E há outra boa notícia: estou de novo na locomotiva de uma ideia que espero se venha a confirmar (passe a redundância. Se não esperasse não estaria sequer no comboio). Energia anímica. Ainda não estou morto. Estou meio-vivo, só. Espero que a ressurreição seja completa e não se fique pela metade que falta. 

11.3.22

Obrigado pelo conselho.

Uma das razões  - está longe de ser a única  - pelas quais detesto que me digam o que devo fazer: eu próprio, que me conheço há sessenta anos como se me tivesse feito, não sei.

10.3.22

Herberto, Leonard e eu

Talvez no fundo a luta pela civilização seja a luta contra o maniqueísmo. E contra a esperança no homem. "Nada esperar, não desesperar de nada", como creio que disse Herberto.

Mas isso só é dado aos marinheiros. "All men will be sailors then

Until the sea shall free them."

8.3.22

Verdades de base há dois mil e quinhentos anos

"O Mestre disse: "Quando toda a gente detesta um homem, é caso para nos interrogarmos. Quando toda a gente adora um homem, é caso para nos interrogarmos.""

"O Mestre disse: "As palavras servem apenas para comunicar."

Confúcio, in Analectos, ed. Biblioteca Editores Independentes.

6.3.22

"Oiça um bom conselho...

Conselho às senhoras que esperam pelo príncipe encantado: arranjem um desencantado.

São igualmente difíceis, mas muito mais interessantes.

Ventos, panos e outras coisas

Quando o vento está muito variável em força, com rajadas fortes num regime de vento fraco geral, o marinheiro prudente sabe que deve ajustar os panos para o vento fraco.
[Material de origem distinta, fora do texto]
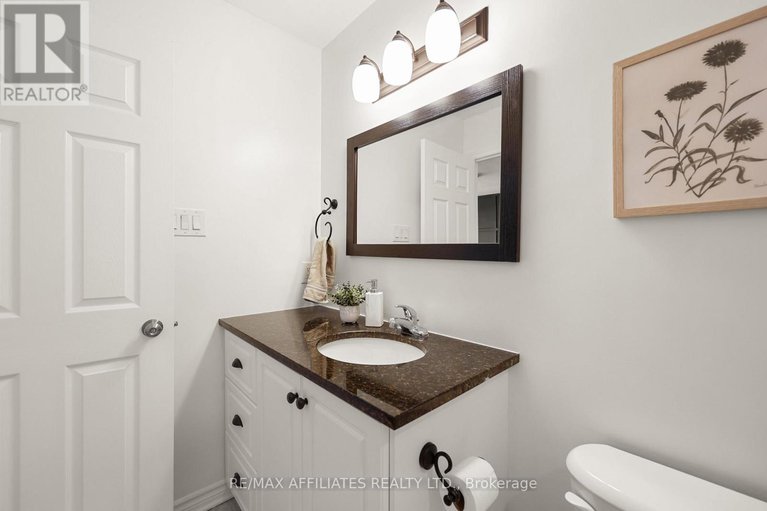 28733724/386-ann-street/almonte/mississippi-mills/ontario/K0A1A0_13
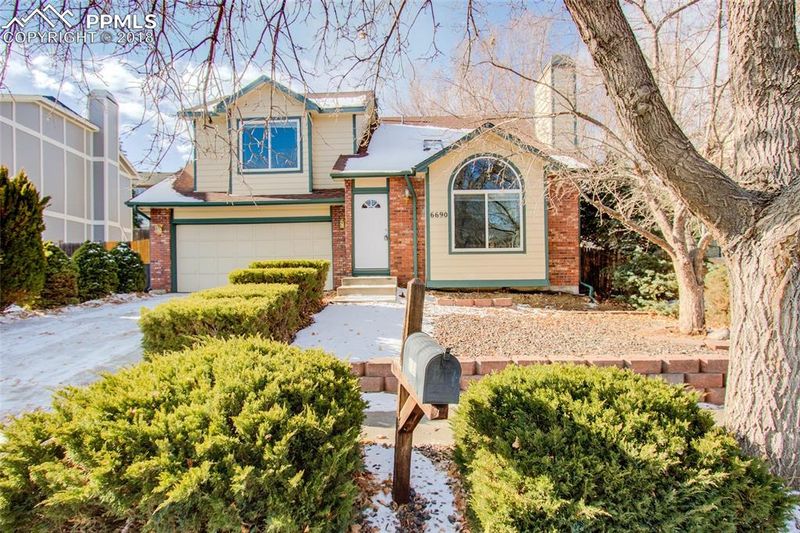 6690 Northwind Dr, Colorado Springs, CO 80918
Pode sempre folgar-se nas rajadas com pano a mais mas não se pode manter o controle do bote no vento fraco com pano a menos.

Isto pode servir de analogia para uma série enorme de situações, não pode? Pode.

4.3.22

Censura, espaços públicos

Reclamação contra o zeit: já não se pode entrar num café para folhear (ou acariciar, se preferirem) o livro que acabou de se comprar. 

Se fosse a favor da censura: abaixo a televisão nos espaços públicos. A televisão é para se ver em casa, quando se quer ser intoxicado e se prefere imagens a vinho, tabaco ou outras substâncias.

Waffen-depressão

A depressão é um nazismo e a ansiedade as suas Waffen-SS.

O lúmpen e a dialéctica

Continuo sem perceber por que raio de carga de água há neo-nazis mas não há neo-comunistas. Será que a dialéctica de Hegel deixou de funcionar e se ficaram pela síntese? Fim das teses e das antíteses? O comunismo não vai mais mudar?

De certa forma compreende-se. Aquilo é a perfeição ao alcance do lúmpen. Acabado este, aquela fixa-se como uma estátua grega:  cheia de mossas e metade quebrada, mas suficiente para imaginar como era.



Geopolítica à hora do almoço

Posso estar muito enganado  - estou muitas vezes - mas tenho a impressão de que desta vez o Putin teve mais olhos do que barriga. Talvez consiga comer o prato até ao fim, mas depois vai desta para melhor com uma indigestão.